Daniel Payne spent much of his life trying to defy the theory that black people were unfit for civilization. He was a bishop in the A.M.E. church, as well as an educator. He later became president of Wilberforce University in Ohio-the first black man to lead a college.
Payne was born on February 23, 1811, in Charleston, South Carolina. He was educated at schools for free blacks, as well as by a private tutor. Payne studied mathematics, Latin, French, and Greek. In 1826, he opened a school for black children, but it was closed six years later after South Carolina legislation forbade the education of blacks.
He headed north to study with Methodist Episcopalians, but did not want to become a missionary in Liberia, which was a condition for the education. Instead, he joined Lutheran Theological Seminary in Gettysburg, Pennsylvania. He was ordained in 1939 and joined the A.M.E. church in 1841. Eleven years later, he was elevated to bishop.
In the 19th Century, proponents of slavery argued that blacks lacked the ability to be full and equal citizens. Payne was determined to disapprove the notion. As a minister, teacher, and historian, he focused on improving the education of ministers and, by extension, their congregants. Many of the ministers in the antebellum United States had no formal education. Black schools were shackled by poverty and a paucity of trained teachers. Payne’s ultimate goal was to correct black stigma during that time. He set himself two tasks: “to improve the ministry; the second to improve the people.

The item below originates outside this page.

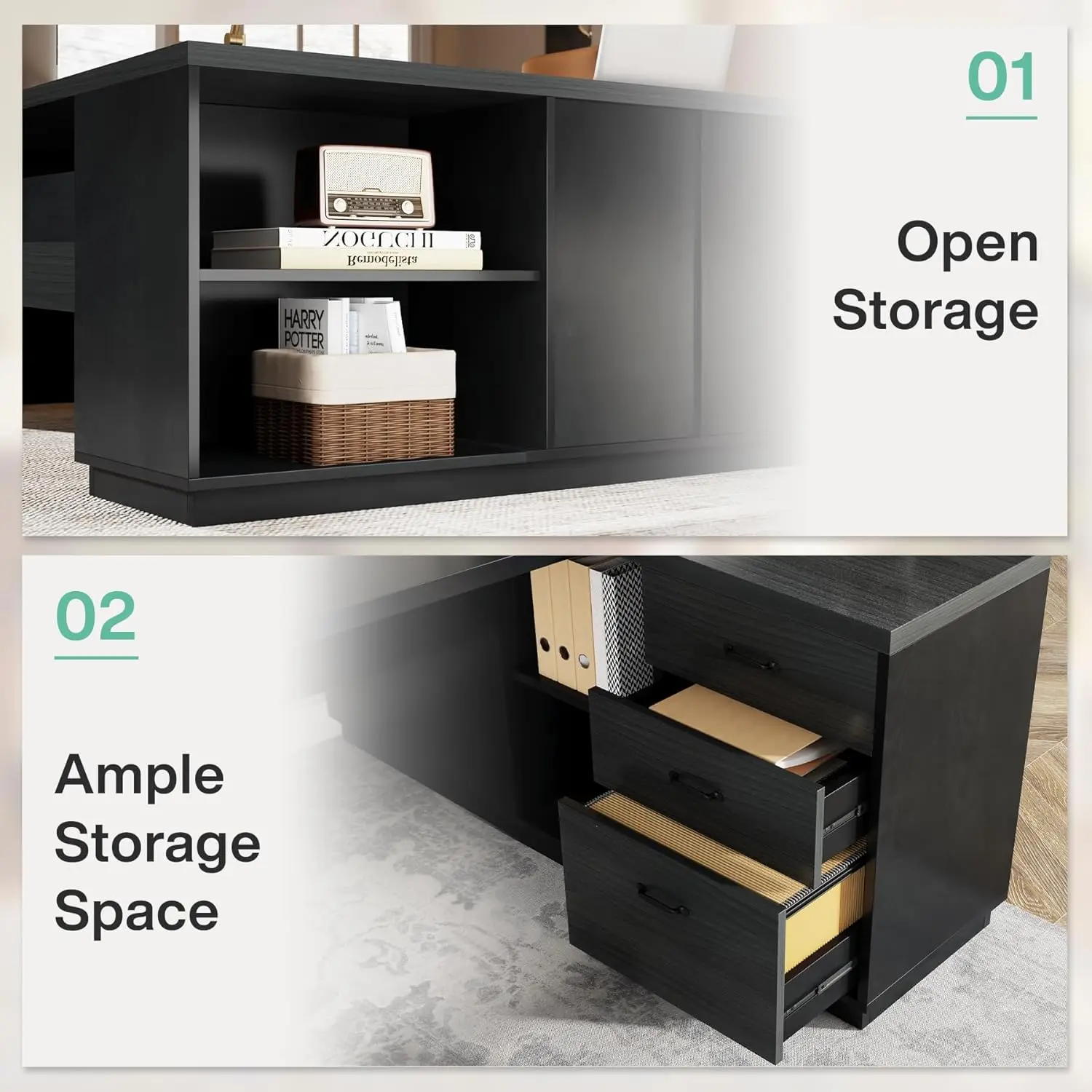 L-Shaped Executive Desk 78in Modern Office Desk with Drawers & File Cabinet Storage Shelves Home Office Furniture Customized - view 6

Payne required that leaders in his church studied grammar, math, history, theology, and geography. He wanted his future ministers to be able to lift “the mass of general ignorance” from the black community. In 1863, he persuaded the A.M.E. church to purchase Wilberforce University, a school the Methodist Episcopal church had established in 1856 for black children. In 1863, Daniel Payne became president of Wilberforce University. He was the first African-American selected to lead a college.